Curt Schilling says having to sell bloody sock is part of ‘having to pay for your mistakes’
PROVIDENCE, R.I. (AP) — Former Boston Red Sox pitcher Curt Schilling told a Boston radio station on Thursday that possibly having to sell the famed blood-stained sock he wore on the team’s way to the 2004 World Series championship is part of ‘‘having to pay for your mistakes.’’
He told WEEI that ‘‘I put myself out there’’ in personally guaranteeing loans to his failed video game firm, 38 Studios, and is seeking what he called an amicable solution with the bank.
‘‘I’m obligated to try and make amends and, unfortunately, this is one of the byproducts of that,’’ he told the station.
The sock is on display at the National Baseball Hall of Fame and Museum in Cooperstown, N.Y. Schilling also mentioned in the interview that he may also have to consider selling his world series rings.

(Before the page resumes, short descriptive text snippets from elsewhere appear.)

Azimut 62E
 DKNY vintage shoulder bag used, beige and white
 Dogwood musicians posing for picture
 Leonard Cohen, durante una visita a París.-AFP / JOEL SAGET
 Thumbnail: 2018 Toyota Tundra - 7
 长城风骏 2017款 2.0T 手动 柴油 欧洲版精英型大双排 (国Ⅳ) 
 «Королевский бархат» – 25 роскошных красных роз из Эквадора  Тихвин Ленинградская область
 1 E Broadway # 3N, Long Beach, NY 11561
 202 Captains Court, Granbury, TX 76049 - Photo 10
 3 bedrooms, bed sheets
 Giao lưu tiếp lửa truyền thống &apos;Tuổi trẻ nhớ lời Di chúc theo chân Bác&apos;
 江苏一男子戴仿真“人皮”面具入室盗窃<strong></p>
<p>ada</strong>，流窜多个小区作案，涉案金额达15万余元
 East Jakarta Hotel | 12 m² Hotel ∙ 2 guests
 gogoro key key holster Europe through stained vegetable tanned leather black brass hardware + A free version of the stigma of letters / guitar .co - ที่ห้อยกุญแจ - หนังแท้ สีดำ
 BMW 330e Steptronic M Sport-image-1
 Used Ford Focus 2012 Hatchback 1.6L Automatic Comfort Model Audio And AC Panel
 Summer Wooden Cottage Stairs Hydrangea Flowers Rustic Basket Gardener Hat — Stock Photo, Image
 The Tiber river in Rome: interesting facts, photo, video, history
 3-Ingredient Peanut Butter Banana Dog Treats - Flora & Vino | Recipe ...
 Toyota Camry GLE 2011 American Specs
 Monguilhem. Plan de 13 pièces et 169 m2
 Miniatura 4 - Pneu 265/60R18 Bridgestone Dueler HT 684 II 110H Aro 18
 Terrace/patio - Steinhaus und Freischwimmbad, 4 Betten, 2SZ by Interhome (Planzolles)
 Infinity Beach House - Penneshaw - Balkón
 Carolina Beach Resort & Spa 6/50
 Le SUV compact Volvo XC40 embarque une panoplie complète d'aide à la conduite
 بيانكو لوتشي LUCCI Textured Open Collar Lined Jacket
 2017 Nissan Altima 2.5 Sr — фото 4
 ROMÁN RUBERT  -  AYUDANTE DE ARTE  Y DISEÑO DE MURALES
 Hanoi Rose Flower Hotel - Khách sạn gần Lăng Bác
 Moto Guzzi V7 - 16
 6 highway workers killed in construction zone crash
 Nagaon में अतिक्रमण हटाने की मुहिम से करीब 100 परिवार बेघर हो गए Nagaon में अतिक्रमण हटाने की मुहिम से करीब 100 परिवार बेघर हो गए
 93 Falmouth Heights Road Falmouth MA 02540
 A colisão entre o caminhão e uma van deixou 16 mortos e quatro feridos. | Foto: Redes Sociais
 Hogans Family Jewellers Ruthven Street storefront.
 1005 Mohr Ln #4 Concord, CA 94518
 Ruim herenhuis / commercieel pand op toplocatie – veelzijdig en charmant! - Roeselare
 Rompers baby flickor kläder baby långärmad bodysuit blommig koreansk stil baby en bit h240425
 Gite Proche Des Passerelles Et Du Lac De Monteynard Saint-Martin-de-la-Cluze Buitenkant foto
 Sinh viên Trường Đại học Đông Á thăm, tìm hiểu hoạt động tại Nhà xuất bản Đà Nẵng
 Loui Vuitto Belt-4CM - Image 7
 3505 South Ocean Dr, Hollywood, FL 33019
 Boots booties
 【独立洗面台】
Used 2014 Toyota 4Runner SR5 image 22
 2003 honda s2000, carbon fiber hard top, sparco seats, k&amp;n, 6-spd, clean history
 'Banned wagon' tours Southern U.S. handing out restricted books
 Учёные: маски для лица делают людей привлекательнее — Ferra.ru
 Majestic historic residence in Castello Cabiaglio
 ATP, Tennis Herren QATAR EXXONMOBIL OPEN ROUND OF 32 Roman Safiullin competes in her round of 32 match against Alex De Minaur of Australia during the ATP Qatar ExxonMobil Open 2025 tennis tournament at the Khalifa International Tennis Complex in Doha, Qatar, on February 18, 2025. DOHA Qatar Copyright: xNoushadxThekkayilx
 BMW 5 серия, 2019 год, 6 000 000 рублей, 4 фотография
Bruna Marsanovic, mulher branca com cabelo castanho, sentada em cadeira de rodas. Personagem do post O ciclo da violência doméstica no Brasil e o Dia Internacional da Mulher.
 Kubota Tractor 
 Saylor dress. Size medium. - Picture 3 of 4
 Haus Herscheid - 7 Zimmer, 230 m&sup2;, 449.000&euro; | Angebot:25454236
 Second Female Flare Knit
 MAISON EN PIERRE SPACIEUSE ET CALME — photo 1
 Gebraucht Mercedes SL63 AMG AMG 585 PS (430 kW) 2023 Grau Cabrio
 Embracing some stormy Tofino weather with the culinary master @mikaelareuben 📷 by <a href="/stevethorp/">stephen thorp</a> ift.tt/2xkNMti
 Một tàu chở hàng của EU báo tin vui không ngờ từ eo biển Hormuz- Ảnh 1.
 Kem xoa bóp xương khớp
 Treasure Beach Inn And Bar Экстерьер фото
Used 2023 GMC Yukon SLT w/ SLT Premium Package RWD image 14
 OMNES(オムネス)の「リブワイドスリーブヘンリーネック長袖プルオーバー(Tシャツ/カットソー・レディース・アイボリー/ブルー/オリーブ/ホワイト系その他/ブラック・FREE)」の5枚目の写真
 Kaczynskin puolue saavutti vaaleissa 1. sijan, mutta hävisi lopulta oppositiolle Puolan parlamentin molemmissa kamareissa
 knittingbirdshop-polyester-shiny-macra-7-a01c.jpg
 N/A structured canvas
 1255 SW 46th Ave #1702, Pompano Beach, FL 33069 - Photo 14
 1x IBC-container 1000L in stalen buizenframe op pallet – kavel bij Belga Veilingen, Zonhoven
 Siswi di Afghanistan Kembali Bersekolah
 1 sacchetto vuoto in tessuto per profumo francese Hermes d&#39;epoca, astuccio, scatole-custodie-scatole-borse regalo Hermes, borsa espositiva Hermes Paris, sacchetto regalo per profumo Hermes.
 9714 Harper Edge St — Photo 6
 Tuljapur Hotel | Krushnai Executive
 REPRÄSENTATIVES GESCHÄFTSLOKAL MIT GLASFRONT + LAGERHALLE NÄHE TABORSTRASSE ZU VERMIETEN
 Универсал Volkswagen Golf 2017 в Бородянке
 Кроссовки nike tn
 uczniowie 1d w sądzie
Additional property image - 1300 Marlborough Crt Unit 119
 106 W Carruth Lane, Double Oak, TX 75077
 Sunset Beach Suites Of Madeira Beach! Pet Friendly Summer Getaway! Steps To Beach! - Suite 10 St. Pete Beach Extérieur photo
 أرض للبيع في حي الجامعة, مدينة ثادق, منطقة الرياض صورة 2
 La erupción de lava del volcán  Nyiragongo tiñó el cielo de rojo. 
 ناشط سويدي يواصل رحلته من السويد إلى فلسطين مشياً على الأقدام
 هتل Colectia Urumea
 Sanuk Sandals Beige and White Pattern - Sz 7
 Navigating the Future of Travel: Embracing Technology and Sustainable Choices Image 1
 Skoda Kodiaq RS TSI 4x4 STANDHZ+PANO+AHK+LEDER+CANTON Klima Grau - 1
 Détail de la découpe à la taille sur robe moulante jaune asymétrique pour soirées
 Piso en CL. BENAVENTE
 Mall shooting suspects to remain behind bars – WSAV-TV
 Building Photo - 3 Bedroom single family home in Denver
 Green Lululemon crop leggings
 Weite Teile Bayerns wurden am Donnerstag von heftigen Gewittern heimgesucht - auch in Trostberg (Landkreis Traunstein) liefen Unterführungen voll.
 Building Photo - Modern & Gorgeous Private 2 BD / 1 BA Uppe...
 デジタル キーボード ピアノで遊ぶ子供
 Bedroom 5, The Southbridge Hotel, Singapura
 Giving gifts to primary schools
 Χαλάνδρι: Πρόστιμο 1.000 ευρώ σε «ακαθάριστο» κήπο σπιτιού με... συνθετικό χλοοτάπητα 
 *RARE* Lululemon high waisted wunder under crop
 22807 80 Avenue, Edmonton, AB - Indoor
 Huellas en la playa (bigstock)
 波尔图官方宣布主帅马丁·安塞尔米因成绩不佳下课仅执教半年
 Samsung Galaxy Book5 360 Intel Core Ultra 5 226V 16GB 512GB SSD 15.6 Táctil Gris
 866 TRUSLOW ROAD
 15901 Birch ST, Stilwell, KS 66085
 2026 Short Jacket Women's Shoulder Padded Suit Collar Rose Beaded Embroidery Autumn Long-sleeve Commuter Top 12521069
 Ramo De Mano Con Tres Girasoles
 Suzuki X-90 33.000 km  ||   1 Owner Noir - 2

Hall of Fame spokesman Brad Horn declined to say whether Schilling has asked for the sock, on loan since 2005, to be returned.
Richie Russek, owner of the Westhampton, N.Y.-based Grey Flannel Auctions, who is featured on The Discovery Channel series ‘‘All Star Dealers,’’ estimated the bloody sock could sell for $50,000 to $100,000, but stressed there is nothing comparable that has ever been auctioned off.